▸ What to work on:
Retype the entries exactly, keeping every line intact.
:::
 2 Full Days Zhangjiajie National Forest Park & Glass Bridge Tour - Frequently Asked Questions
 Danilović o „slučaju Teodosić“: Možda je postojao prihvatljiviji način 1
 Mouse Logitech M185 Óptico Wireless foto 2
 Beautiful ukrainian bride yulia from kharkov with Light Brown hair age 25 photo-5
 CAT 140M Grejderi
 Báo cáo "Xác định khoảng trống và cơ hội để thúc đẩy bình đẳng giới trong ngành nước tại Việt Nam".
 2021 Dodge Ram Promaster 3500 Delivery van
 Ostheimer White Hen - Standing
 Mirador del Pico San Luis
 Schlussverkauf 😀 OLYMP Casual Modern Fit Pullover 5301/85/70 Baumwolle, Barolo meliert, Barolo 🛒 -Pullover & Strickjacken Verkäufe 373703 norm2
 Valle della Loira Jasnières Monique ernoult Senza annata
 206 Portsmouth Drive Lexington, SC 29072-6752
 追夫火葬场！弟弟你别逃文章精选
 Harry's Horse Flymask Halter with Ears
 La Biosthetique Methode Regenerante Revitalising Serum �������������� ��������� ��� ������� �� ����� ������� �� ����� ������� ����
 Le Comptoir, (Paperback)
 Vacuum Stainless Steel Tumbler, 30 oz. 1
:::
▸ Exercise answer:
 2 Full Days Zhangjiajie National Forest Park & Glass Bridge Tour - Frequently Asked Questions
 Danilović o „slučaju Teodosić“: Možda je postojao prihvatljiviji način 1
 Mouse Logitech M185 Óptico Wireless foto 2
 Beautiful ukrainian bride yulia from kharkov with Light Brown hair age 25 photo-5
 CAT 140M Grejderi
 Báo cáo "Xác định khoảng trống và cơ hội để thúc đẩy bình đẳng giới trong ngành nước tại Việt Nam".
 2021 Dodge Ram Promaster 3500 Delivery van
 Ostheimer White Hen - Standing
 Mirador del Pico San Luis
 Schlussverkauf 😀 OLYMP Casual Modern Fit Pullover 5301/85/70 Baumwolle, Barolo meliert, Barolo 🛒 -Pullover & Strickjacken Verkäufe 373703 norm2
 Valle della Loira Jasnières Monique ernoult Senza annata
 206 Portsmouth Drive Lexington, SC 29072-6752
 追夫火葬场！弟弟你别逃文章精选
 Harry's Horse Flymask Halter with Ears
 La Biosthetique Methode Regenerante Revitalising Serum �������������� ��������� ��� ������� �� ����� ������� �� ����� ������� ����
 Le Comptoir, (Paperback)
 Vacuum Stainless Steel Tumbler, 30 oz. 1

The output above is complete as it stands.